Data extracted from a collection:
□ □ □ □ □

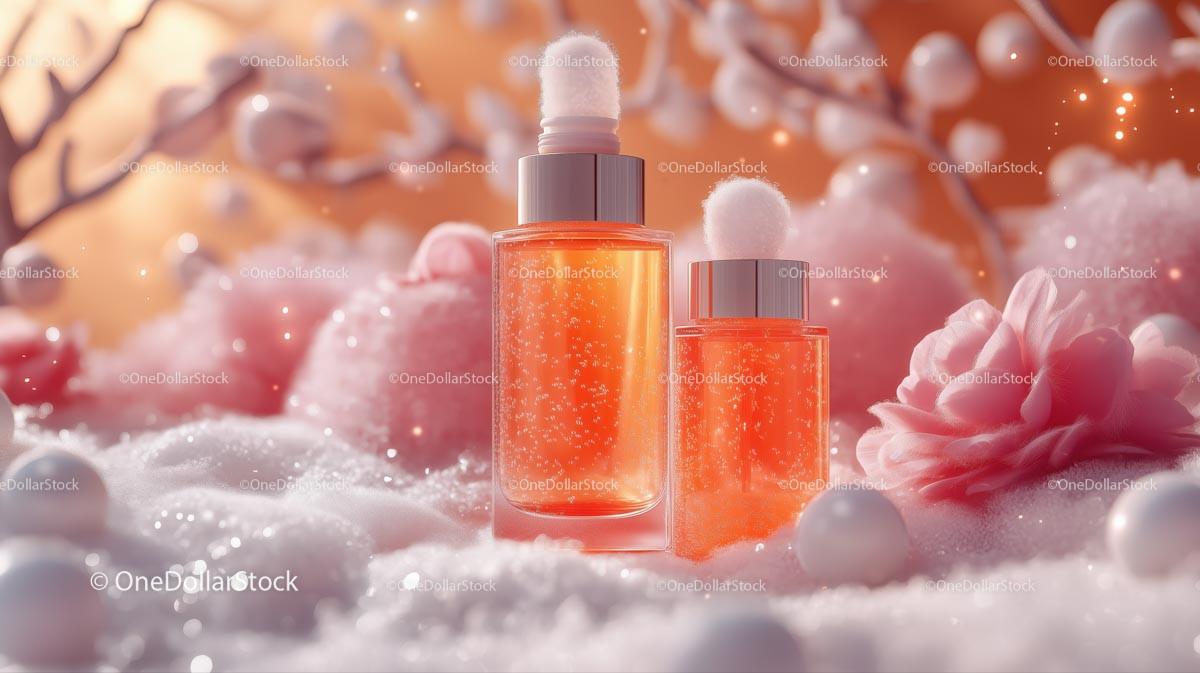 Luxury Skincare Bottles with Pink Floral Background JPG Mockup Image preview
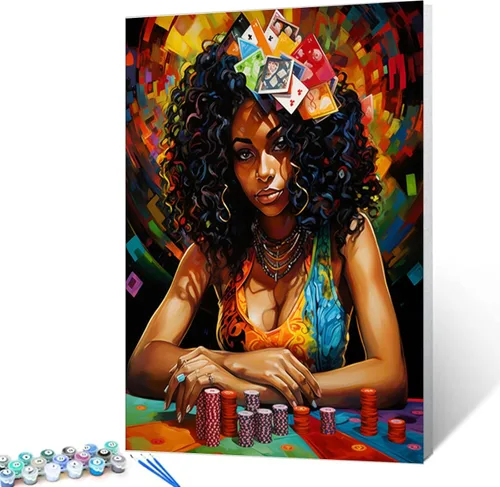 Miniatura 36 de Kit de Pintura por Números de Retrato de Mujer Calavera de Azúcar al Óleo de 16 x 20 Pulgadas, Lienzo para Halloween, Decoración para Mujeres, Chica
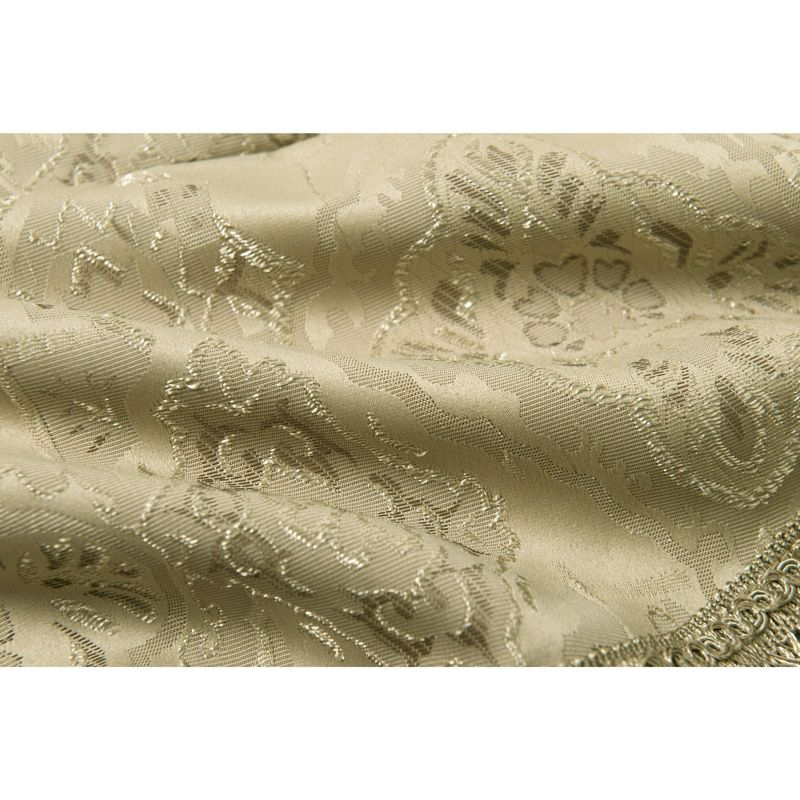 Kate Aurora Georgina Ultra Luxurious Raised Jacquard And Fringed Trimmed Austrian Window Valance - 52 in. W x 28 in. L, Gold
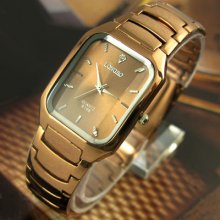 Unique Coffee Tone Steel Mens Watch Square Style Quartz Move Fashion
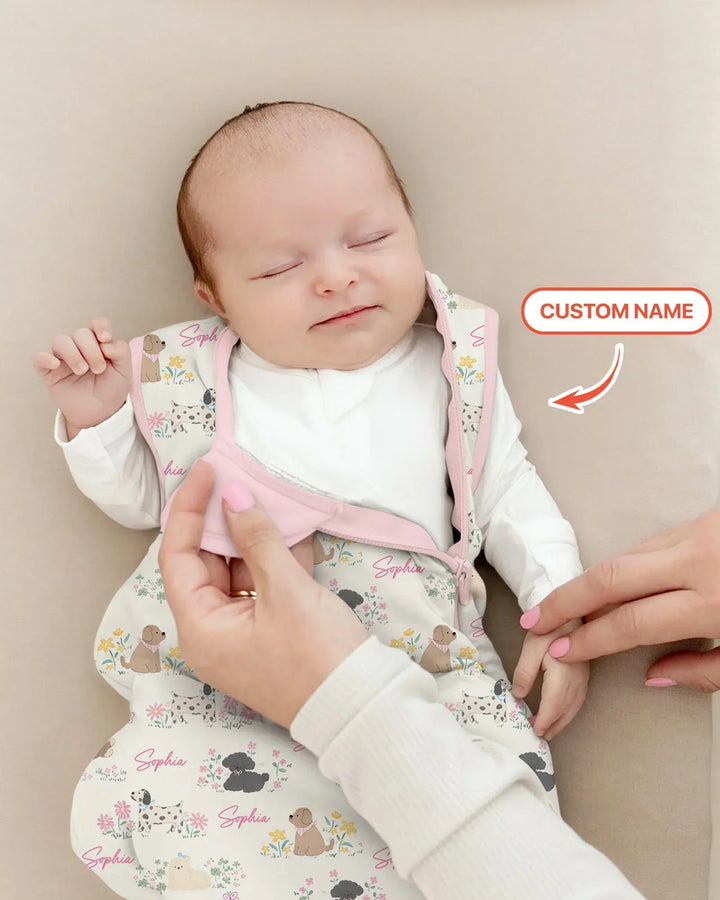 Custom Name Flower Dogs Bamboo Sleep Bag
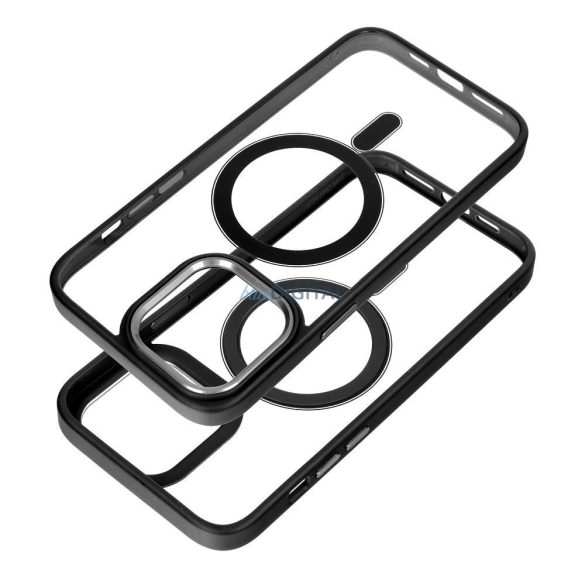 COLOR EDGE MAG COVER Carcasă compatibilă MagSafe Samsung Galaxy S25 - transparentă cu ornamente negre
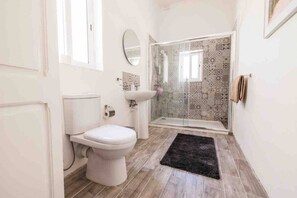 A bathroom with a toilet, sink, and glass shower enclosure.
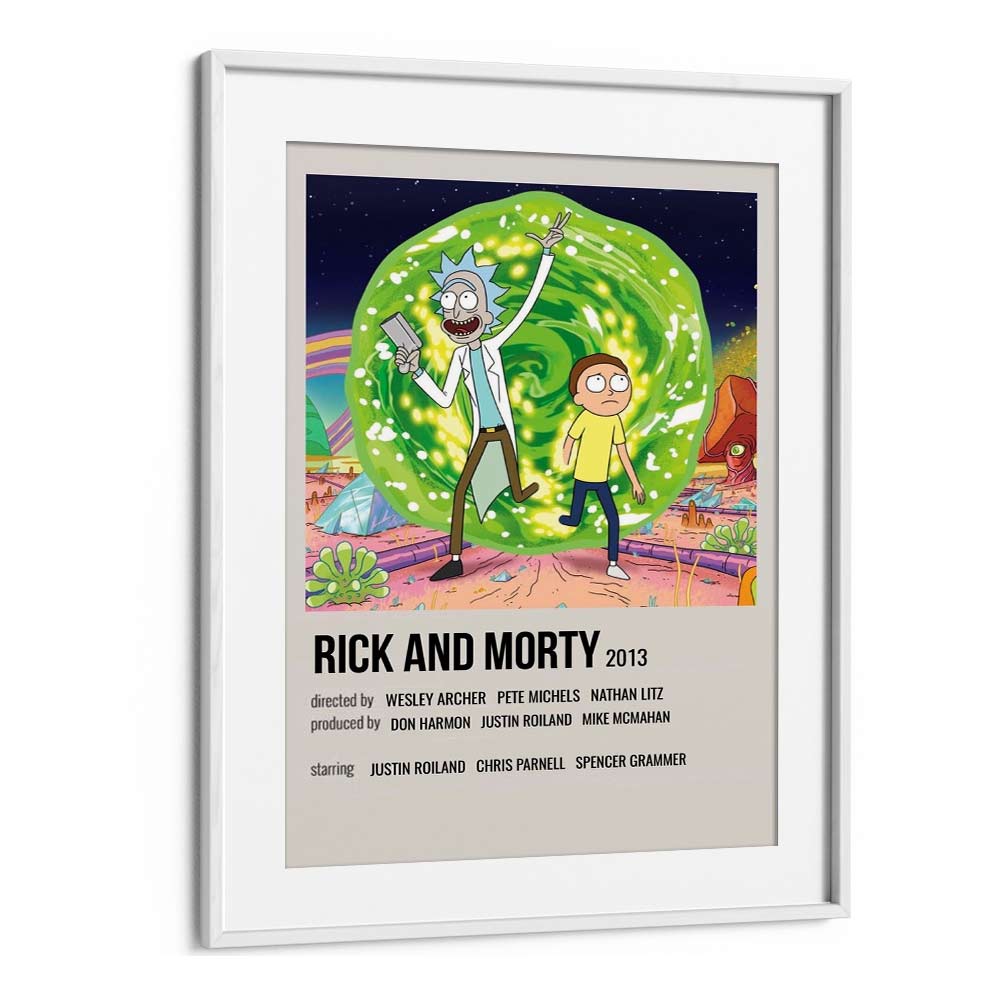 Rick Morty 2013 i Movie Posters in White Frame With Mount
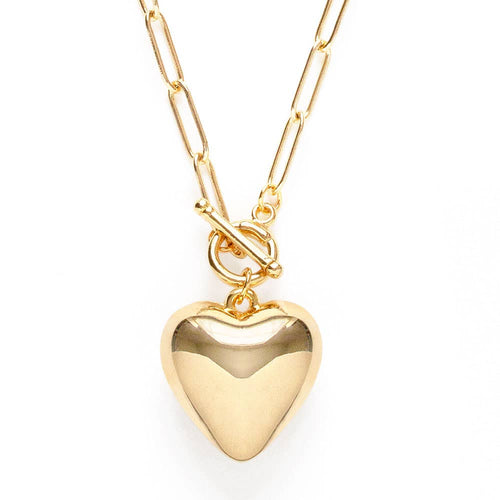 Small Puffed Heart on Toggle Chain Necklace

□ □ □ □ □

Reproduce, word for word, every line from the start of the records down to and including the line with "Rick Morty 2013"; skip the pictures.

### Result
 Luxury Skincare Bottles with Pink Floral Background JPG Mockup Image preview
 Miniatura 36 de Kit de Pintura por Números de Retrato de Mujer Calavera de Azúcar al Óleo de 16 x 20 Pulgadas, Lienzo para Halloween, Decoración para Mujeres, Chica
 Kate Aurora Georgina Ultra Luxurious Raised Jacquard And Fringed Trimmed Austrian Window Valance - 52 in. W x 28 in. L, Gold
 Unique Coffee Tone Steel Mens Watch Square Style Quartz Move Fashion
 Custom Name Flower Dogs Bamboo Sleep Bag
 COLOR EDGE MAG COVER Carcasă compatibilă MagSafe Samsung Galaxy S25 - transparentă cu ornamente negre
 A bathroom with a toilet, sink, and glass shower enclosure.
 Rick Morty 2013 i Movie Posters in White Frame With Mount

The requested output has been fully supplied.